[Short text fragments from websites]
####################

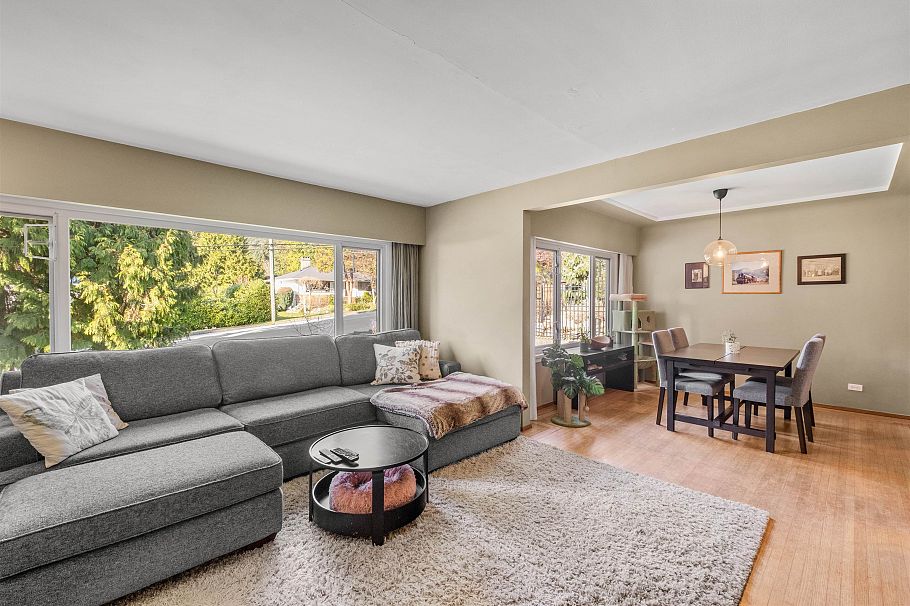 551 E Osborne Road North Vancouver, BC - 7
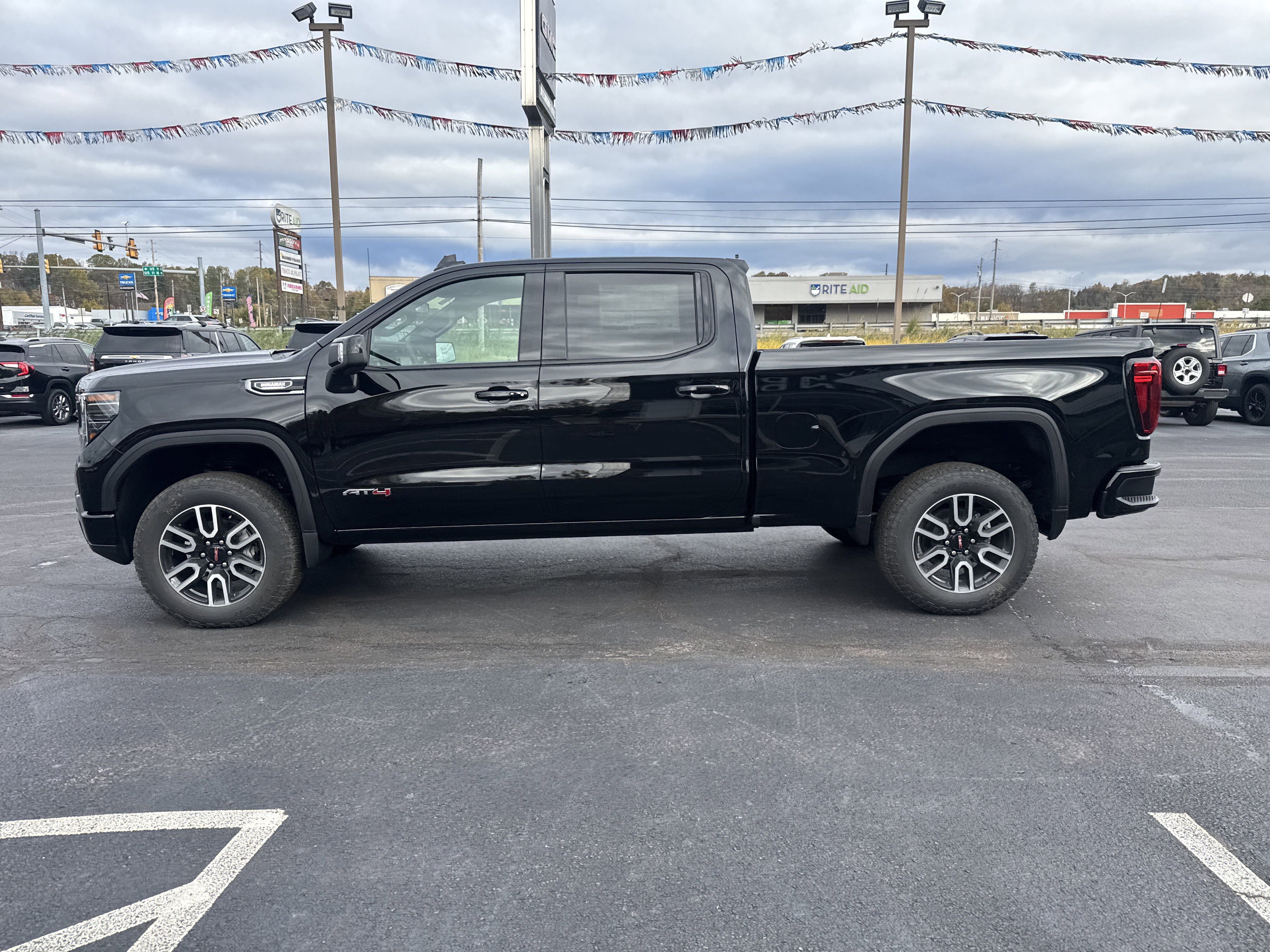 New 2026 GMC Sierra 1500 AT4 image 7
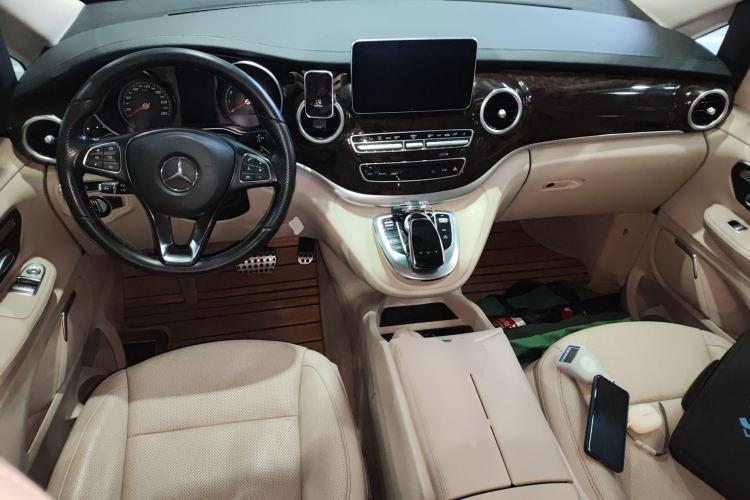 Used Mercedes-Benz V-Class 2016 V 260 Prestige Edition Center Console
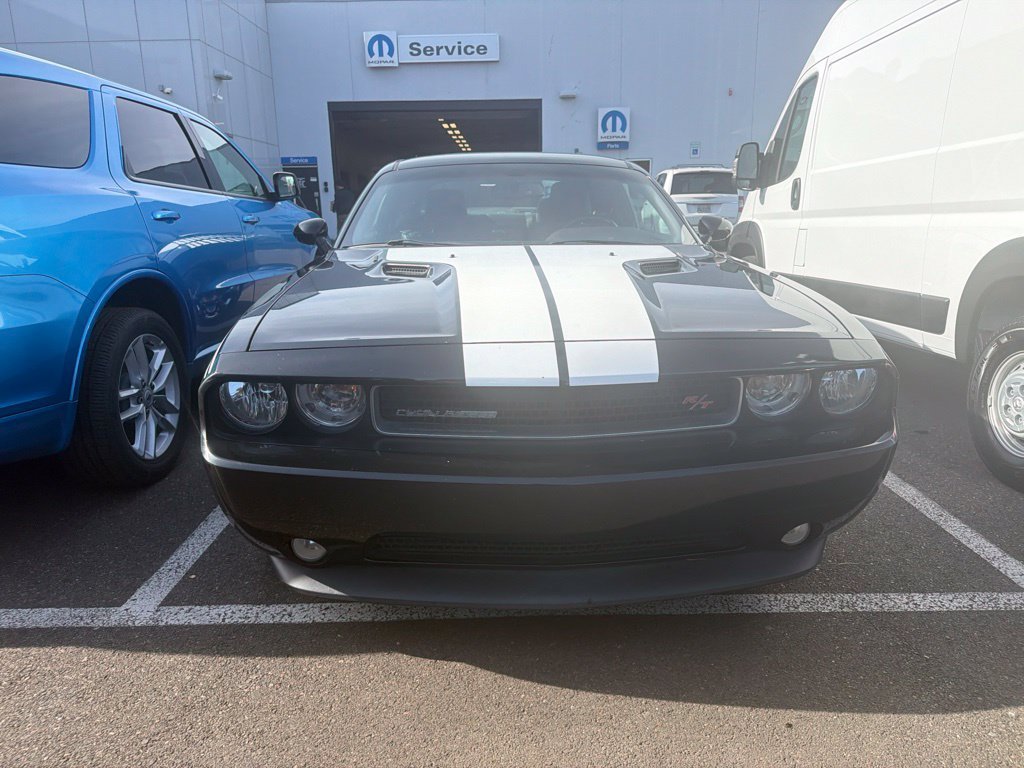 Used 2014 Dodge Challenger R/T w/ Sound Group II RWD image 2
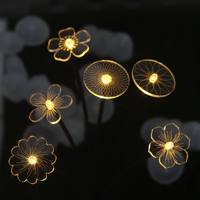 Lumière solaire LED extérieure IP44 étanche en acrylique en forme de fleur pour jardin, pelouse, festival, paysage, guirlande lumineuse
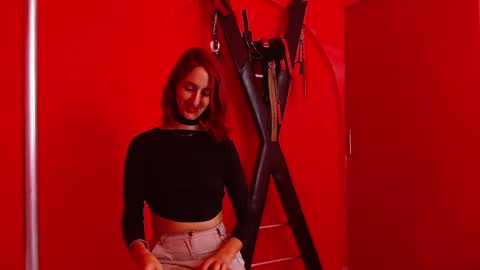 ambar_roux1 online show from February 11, 9:56 pm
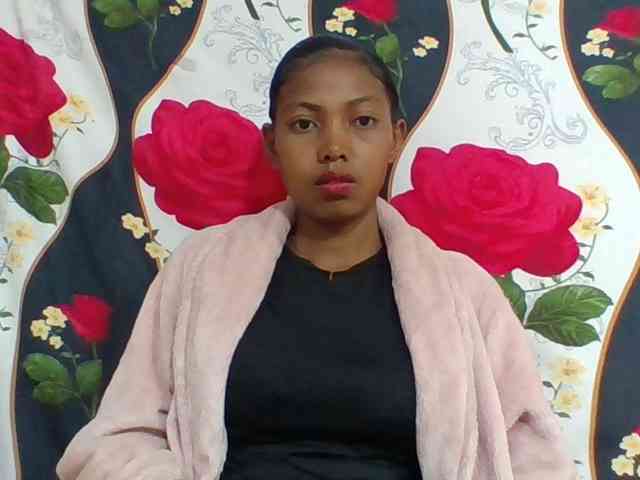 Layah7 webcam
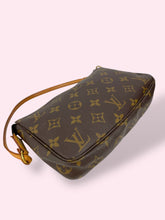 Carica l&#39;immagine nel visualizzatore di Gallery, LOUIS VUITTON POCHETTE ACCESSOIRE
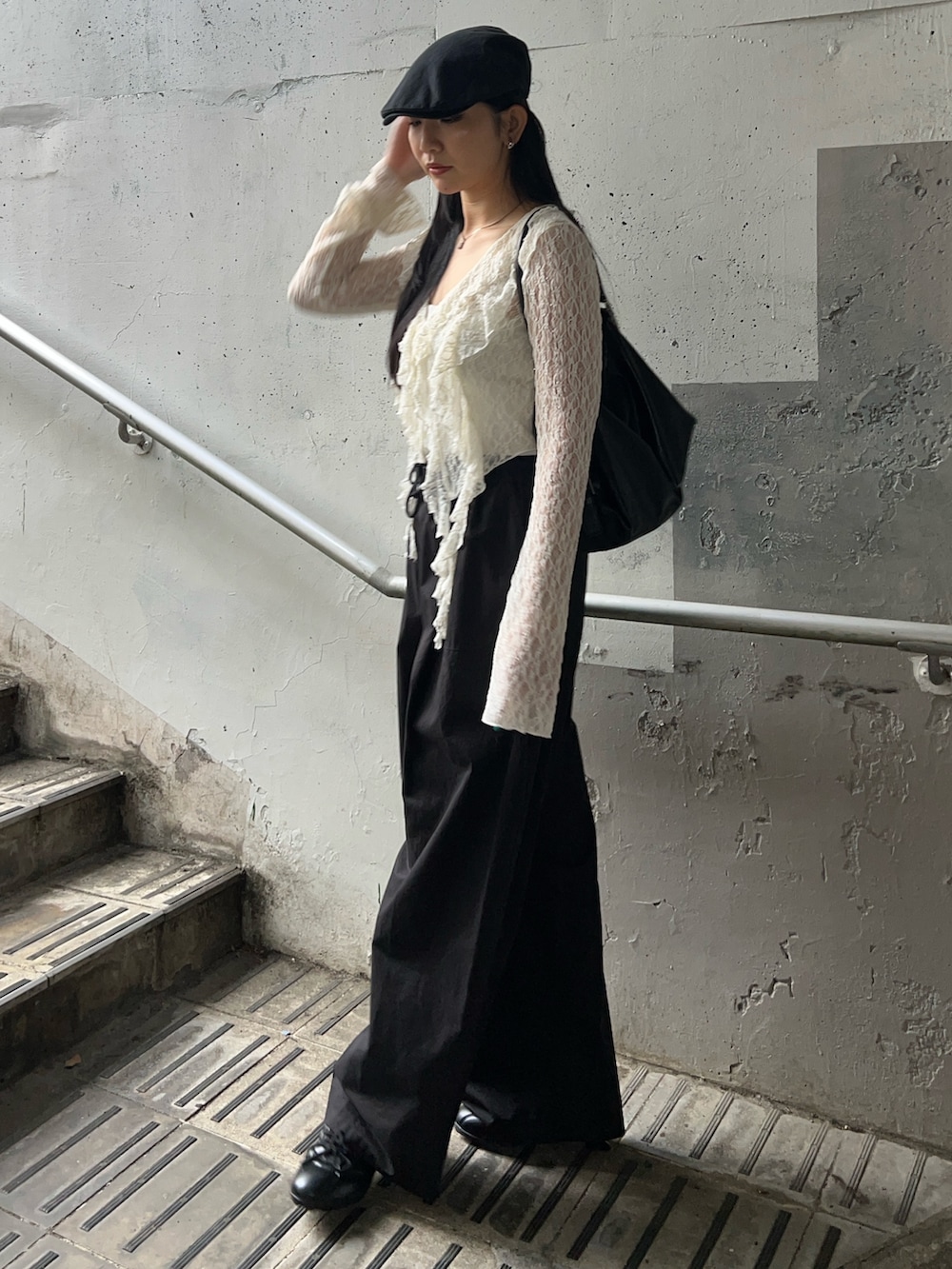 ホワイト系のTシャツ/カットソー、ホワイト系のキャミソール、ブラック系のスニーカーを着用したレディースの春コーディネートの2枚目の写真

####################

▶ [Assigned task]:
Excluding the pictures, retype the line containing "Carica l&#39;immagine nel" and all lines after it down to the end of the data above.

▶ [Reply to the task]:
 Carica l&#39;immagine nel visualizzatore di Gallery, LOUIS VUITTON POCHETTE ACCESSOIRE
 ホワイト系のTシャツ/カットソー、ホワイト系のキャミソール、ブラック系のスニーカーを着用したレディースの春コーディネートの2枚目の写真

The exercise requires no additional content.